If we only assume finite additivity, there are finitely additive probability measures on $\mathbb{N}$ coming from non-principal ultrafilters. These have the unusual property that the measure of every point and hence of every finite subset of $\mathbb{N}$ is zero! Nevertheless it is still true that the measure of $\mathbb{N}$ itself is $1$. Natural density also behaves like this, but natural density has the intuitive feature that on an arithmetic progression with common difference $d$ it takes the value $\frac{1}{d}$. An ultrafilter will take either the value $0$ or $1$!

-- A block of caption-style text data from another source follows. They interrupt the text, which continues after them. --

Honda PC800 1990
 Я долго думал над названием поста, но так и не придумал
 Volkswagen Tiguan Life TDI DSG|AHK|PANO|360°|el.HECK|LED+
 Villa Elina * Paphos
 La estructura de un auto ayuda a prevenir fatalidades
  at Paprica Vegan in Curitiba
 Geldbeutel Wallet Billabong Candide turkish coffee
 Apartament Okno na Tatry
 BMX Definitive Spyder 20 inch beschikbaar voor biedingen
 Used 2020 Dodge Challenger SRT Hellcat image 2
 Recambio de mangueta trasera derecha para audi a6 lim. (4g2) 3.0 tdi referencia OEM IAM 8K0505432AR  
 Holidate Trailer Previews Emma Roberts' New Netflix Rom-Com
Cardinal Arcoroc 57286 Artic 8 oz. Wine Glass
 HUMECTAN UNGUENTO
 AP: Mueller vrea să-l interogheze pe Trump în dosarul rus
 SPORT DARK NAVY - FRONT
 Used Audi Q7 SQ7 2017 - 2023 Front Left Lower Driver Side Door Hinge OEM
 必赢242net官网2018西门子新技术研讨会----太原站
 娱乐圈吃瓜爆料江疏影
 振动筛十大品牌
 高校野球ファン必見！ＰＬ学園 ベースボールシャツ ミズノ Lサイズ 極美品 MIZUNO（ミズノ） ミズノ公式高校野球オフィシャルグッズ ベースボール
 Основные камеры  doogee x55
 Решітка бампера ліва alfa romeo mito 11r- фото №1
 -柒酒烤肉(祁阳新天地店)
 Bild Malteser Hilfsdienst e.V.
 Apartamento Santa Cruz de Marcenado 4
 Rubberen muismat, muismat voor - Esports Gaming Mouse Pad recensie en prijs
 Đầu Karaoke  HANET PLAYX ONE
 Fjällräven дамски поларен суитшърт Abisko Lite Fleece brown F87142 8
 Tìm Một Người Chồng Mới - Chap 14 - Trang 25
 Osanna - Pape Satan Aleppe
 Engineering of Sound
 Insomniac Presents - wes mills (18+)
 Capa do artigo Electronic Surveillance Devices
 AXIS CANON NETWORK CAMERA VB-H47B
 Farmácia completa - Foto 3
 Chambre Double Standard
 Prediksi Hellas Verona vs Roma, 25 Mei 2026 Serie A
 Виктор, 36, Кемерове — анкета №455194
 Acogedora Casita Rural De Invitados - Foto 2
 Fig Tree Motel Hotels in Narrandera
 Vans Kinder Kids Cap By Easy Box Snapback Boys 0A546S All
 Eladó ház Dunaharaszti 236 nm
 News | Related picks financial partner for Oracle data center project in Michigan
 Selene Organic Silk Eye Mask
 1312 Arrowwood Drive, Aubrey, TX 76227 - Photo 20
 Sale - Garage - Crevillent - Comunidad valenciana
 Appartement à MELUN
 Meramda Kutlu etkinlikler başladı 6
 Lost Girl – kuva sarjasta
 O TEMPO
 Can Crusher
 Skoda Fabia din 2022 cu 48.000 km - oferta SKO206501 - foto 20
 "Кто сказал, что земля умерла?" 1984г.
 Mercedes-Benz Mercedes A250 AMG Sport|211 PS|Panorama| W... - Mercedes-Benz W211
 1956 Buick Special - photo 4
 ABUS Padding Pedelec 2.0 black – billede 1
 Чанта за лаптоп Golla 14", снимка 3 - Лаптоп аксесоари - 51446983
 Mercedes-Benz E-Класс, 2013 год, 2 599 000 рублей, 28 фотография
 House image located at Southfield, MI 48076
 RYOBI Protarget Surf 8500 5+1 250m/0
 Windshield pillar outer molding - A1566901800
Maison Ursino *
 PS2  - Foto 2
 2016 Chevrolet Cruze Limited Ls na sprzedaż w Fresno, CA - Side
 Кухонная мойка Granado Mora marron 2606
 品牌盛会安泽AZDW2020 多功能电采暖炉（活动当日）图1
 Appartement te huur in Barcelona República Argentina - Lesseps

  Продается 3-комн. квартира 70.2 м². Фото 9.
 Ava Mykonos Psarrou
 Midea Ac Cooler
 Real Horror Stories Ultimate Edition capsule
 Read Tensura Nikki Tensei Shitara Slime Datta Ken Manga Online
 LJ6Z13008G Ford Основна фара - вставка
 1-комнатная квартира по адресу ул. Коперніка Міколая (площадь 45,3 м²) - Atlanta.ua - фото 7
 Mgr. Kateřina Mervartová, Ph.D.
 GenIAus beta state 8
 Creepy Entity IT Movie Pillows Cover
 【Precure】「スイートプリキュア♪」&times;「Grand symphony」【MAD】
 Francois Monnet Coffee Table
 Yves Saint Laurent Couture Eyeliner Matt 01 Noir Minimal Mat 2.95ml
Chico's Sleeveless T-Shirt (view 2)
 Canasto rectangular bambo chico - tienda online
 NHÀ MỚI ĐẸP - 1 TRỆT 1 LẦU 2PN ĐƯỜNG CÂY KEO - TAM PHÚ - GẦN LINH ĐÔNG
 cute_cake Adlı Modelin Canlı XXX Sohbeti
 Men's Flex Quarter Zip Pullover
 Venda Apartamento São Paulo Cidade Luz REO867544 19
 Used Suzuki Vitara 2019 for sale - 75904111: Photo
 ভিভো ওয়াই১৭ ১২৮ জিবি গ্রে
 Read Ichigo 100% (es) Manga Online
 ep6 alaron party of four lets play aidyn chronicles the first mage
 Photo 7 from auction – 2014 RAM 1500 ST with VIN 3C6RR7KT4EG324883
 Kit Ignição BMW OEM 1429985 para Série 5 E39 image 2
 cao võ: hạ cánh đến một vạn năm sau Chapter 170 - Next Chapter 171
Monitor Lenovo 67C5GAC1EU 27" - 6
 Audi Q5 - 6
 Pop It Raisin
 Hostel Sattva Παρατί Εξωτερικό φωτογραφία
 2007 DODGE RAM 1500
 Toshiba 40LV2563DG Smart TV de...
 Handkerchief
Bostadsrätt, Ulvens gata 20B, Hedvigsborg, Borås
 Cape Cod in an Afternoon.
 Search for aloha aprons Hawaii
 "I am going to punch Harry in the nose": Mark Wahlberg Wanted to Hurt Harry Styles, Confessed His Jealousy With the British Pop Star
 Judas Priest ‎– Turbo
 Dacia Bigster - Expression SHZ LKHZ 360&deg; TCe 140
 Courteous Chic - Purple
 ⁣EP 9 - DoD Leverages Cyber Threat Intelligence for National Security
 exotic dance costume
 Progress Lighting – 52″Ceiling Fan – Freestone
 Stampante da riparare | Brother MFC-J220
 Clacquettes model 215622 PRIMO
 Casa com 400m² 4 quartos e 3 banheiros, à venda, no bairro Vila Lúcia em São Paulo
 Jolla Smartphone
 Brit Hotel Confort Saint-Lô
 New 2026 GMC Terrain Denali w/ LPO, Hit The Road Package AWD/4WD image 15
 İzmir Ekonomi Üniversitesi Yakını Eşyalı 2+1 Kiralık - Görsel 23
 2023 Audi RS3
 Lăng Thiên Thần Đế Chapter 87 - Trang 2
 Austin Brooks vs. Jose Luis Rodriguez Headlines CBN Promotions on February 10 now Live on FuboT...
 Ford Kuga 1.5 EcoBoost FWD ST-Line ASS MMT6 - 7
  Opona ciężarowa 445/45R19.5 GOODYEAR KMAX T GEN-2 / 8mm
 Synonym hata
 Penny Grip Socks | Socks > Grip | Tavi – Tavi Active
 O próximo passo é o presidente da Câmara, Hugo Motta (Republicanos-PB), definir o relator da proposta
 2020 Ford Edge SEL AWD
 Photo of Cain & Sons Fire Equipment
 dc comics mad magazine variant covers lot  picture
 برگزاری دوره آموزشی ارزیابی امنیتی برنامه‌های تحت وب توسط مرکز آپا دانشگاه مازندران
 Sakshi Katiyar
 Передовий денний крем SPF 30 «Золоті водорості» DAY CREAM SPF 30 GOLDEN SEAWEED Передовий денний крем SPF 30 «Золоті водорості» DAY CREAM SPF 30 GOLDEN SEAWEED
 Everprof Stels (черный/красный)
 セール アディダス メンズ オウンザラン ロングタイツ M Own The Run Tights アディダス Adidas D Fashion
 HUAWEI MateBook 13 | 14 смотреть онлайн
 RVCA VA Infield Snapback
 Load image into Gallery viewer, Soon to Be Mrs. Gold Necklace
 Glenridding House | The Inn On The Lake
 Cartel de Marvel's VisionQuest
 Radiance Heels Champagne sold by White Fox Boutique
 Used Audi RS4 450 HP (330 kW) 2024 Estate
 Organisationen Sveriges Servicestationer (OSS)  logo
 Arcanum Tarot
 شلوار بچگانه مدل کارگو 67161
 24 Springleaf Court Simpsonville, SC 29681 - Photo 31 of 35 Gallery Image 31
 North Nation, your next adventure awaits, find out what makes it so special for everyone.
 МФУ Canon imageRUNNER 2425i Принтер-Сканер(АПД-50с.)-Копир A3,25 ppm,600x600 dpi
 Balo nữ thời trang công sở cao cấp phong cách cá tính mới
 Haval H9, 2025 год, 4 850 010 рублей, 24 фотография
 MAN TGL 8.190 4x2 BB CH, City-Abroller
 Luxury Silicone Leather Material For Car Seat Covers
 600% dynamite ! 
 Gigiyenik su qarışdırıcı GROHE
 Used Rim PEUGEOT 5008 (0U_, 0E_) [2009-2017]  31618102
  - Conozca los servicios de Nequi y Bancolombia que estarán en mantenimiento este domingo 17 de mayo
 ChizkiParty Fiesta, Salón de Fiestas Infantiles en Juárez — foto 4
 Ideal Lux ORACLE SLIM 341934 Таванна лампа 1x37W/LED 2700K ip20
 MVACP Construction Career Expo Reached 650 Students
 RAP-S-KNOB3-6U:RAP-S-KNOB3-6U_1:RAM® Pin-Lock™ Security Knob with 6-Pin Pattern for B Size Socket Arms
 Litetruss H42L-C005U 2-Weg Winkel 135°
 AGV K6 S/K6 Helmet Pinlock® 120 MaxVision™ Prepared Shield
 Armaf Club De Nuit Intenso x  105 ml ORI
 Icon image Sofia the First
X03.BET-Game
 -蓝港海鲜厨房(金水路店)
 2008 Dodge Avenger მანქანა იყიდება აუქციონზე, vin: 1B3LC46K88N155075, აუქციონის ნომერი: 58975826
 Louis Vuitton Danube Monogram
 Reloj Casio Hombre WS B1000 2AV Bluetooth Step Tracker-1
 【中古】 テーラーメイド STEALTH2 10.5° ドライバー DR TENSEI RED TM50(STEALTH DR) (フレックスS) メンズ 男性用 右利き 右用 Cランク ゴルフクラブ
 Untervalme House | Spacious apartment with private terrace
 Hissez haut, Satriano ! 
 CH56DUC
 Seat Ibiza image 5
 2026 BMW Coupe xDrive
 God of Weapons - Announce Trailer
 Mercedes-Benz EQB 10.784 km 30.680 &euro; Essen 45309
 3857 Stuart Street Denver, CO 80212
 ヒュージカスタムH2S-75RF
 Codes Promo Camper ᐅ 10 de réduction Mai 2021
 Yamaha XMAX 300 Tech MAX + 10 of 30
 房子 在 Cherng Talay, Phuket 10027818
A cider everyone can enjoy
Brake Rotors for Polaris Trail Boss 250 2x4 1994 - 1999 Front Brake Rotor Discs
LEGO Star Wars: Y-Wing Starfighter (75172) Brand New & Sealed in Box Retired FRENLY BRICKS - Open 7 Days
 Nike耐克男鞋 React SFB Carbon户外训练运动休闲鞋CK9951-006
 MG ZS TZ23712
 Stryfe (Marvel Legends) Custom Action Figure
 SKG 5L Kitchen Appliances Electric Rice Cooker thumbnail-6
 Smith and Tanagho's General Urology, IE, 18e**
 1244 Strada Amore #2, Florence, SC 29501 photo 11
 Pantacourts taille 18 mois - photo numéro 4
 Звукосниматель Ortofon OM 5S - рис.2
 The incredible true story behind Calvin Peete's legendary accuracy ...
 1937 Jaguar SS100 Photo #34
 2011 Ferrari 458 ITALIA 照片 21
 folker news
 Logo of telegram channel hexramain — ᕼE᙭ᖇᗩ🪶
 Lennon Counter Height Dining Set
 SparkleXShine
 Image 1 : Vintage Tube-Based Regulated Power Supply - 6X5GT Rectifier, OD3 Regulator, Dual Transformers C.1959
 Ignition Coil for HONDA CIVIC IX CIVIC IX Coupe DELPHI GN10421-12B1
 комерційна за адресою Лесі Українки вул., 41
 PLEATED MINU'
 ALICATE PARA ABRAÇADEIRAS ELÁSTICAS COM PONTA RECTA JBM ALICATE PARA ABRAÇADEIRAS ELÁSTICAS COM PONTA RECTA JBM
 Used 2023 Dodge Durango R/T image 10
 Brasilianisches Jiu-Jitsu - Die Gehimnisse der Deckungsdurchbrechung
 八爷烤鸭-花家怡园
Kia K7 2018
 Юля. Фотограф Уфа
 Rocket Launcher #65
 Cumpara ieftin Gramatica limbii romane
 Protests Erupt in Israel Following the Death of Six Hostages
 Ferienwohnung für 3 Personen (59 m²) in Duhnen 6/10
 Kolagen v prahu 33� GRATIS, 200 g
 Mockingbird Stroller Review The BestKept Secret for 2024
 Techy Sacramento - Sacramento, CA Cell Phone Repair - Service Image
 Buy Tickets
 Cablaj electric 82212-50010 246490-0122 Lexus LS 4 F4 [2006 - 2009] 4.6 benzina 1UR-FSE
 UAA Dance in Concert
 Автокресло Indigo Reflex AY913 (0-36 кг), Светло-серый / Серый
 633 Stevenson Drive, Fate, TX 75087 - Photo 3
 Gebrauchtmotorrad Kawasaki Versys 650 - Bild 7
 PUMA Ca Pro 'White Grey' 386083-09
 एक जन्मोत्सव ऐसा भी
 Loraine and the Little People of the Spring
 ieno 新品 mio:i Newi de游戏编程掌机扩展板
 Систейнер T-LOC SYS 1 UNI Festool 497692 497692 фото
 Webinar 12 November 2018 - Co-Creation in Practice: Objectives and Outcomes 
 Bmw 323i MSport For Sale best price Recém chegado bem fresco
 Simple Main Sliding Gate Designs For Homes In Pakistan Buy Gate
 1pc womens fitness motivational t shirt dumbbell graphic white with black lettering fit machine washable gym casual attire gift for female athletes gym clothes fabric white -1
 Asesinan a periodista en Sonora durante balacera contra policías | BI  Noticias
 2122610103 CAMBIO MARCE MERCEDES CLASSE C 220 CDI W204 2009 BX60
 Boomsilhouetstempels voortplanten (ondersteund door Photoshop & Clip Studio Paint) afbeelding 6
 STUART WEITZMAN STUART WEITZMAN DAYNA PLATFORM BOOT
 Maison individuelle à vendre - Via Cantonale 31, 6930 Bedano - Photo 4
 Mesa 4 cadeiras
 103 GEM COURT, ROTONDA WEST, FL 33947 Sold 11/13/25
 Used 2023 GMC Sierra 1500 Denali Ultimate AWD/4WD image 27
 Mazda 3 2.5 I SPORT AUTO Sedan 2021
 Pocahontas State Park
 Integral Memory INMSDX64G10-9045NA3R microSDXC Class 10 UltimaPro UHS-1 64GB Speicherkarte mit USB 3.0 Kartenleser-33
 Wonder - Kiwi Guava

This is much less intuitive; the probability mass does not appear to be "located anywhere," and it also does not appear to be "spread out." There is not (as far as I know) any way to visualize what's going on here. We can't write these things down without the axiom of choice, either. It is still possible to make sense of concepts like integrating against one of these measures, but it's weird stuff and doesn't really feel like normal probability. And of course theorems requiring countable additivity won't apply.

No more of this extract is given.